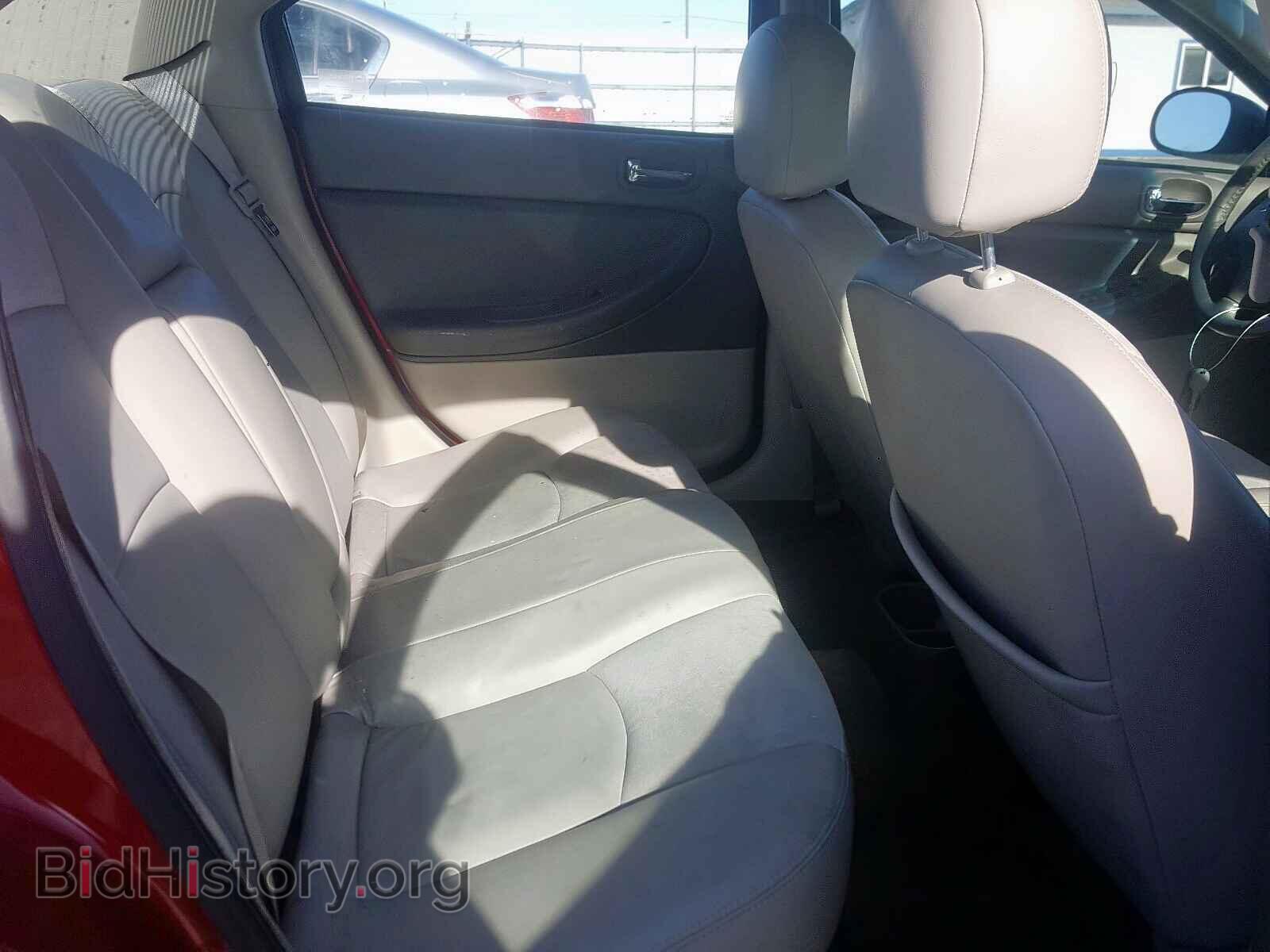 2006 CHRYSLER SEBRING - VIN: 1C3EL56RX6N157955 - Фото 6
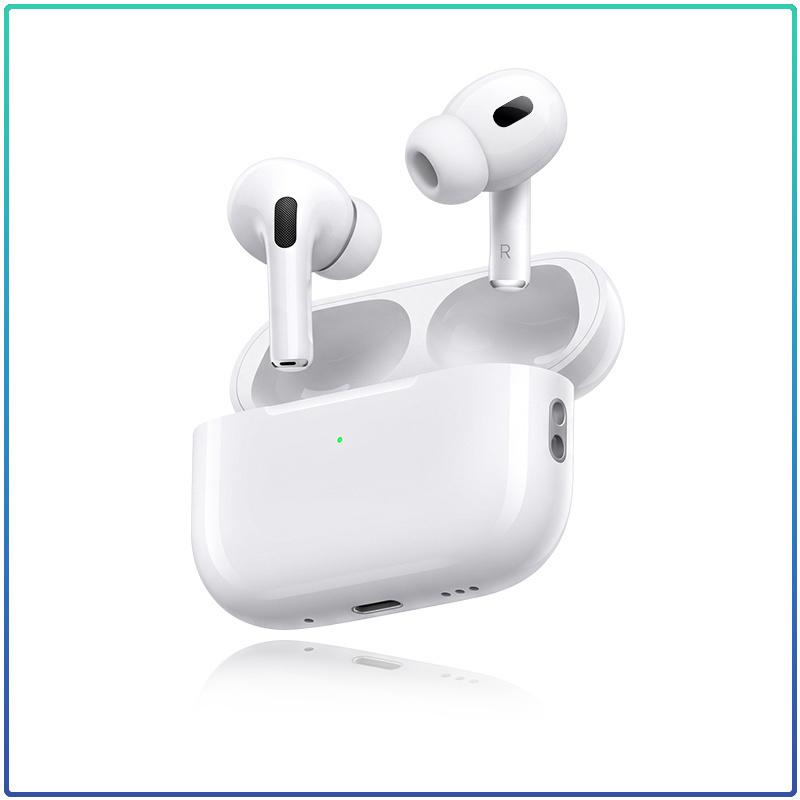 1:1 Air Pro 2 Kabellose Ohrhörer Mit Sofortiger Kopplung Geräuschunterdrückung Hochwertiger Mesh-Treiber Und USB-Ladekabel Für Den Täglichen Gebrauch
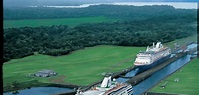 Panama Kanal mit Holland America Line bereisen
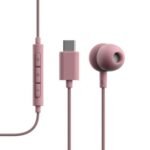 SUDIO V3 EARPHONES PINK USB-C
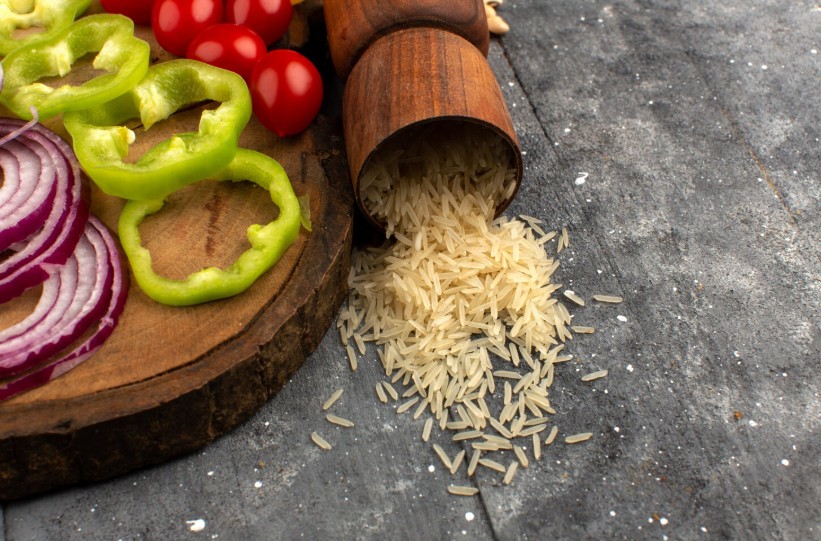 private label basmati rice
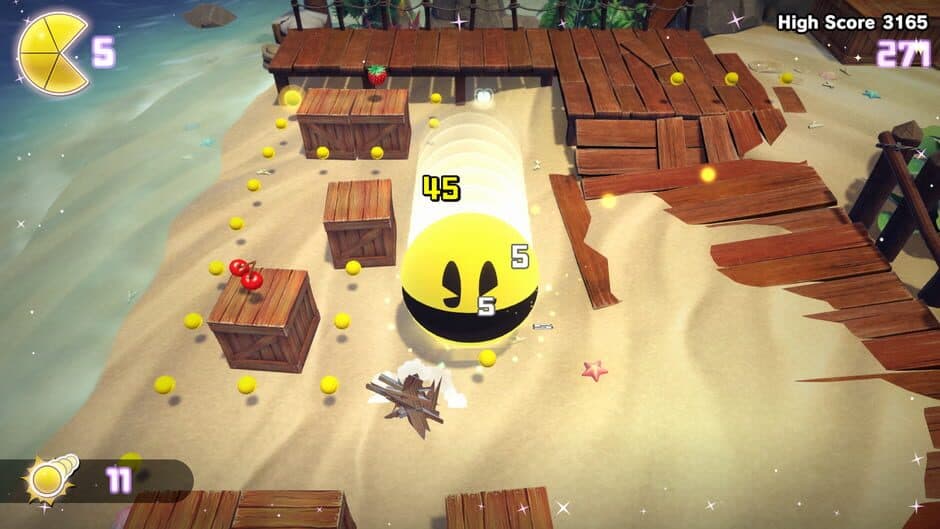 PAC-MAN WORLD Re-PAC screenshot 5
- - - - - - -
For this exercise, the lines from the one containing "private label basmati rice" through the last line of the entries above are to be output exactly, both included, and pictures are skipped.

§ RESPONSE AREA:
 private label basmati rice
 PAC-MAN WORLD Re-PAC screenshot 5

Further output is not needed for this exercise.